Task
Please write out all of the data below exactly, without including the pictures.

Supplied information
______

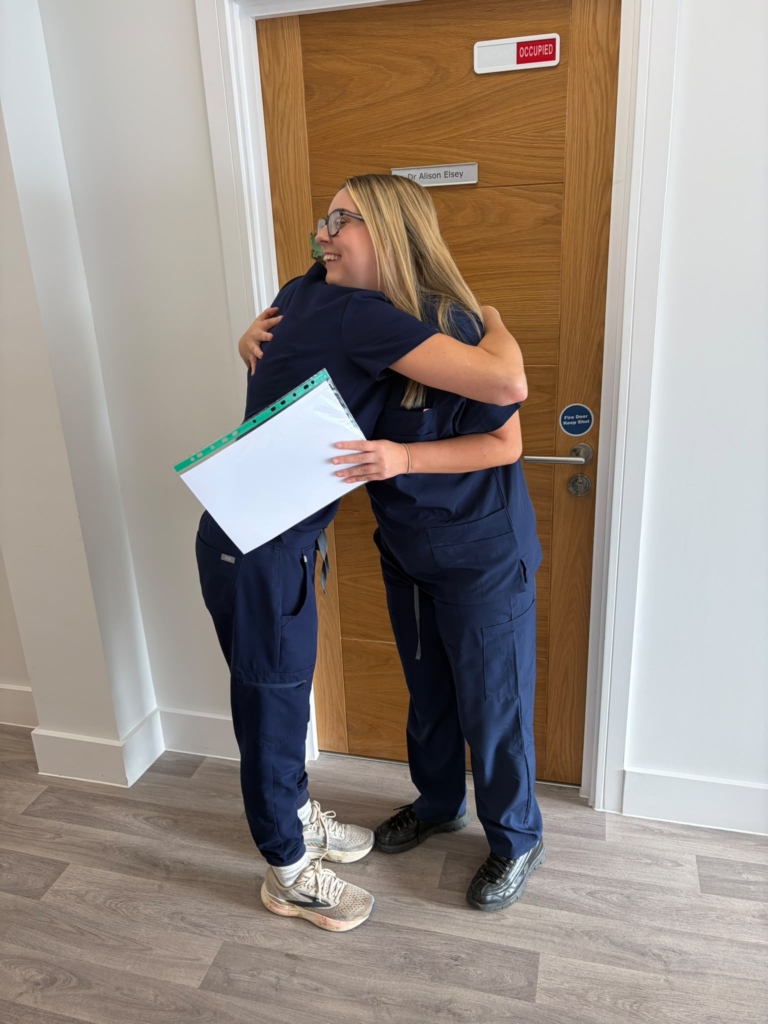 Trainer congratulating a delegate on completing the course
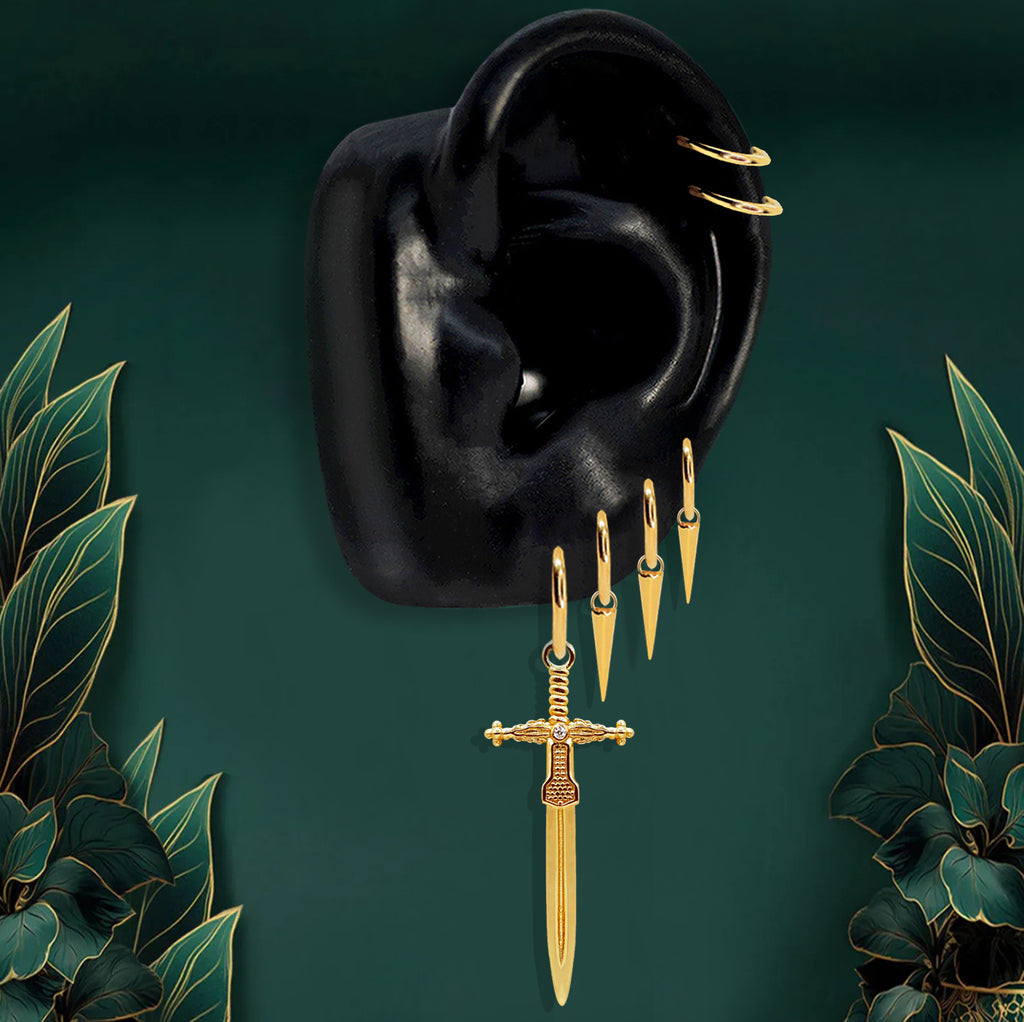 Bold gold statement earrings featuring spike drops and a sword charm on gold hoops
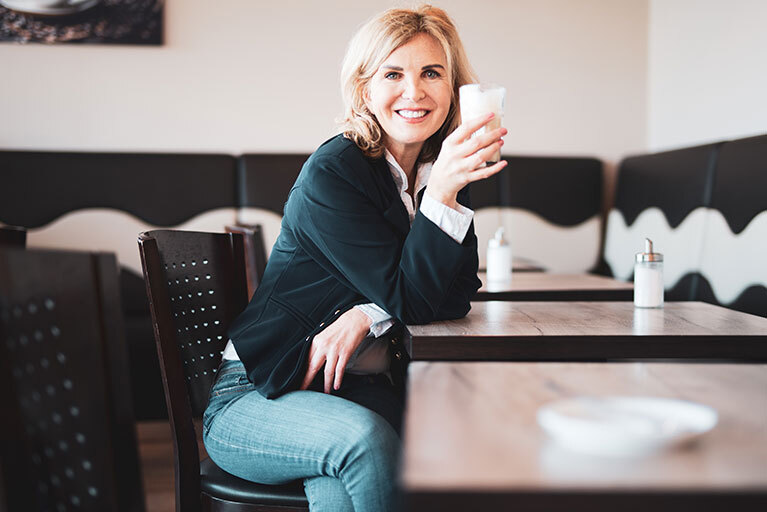 Hormonersatztherapie: Frau sitzt am Tisch und trinkt Kaffee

______

Response area
 Trainer congratulating a delegate on completing the course
 Bold gold statement earrings featuring spike drops and a sword charm on gold hoops
 Hormonersatztherapie: Frau sitzt am Tisch und trinkt Kaffee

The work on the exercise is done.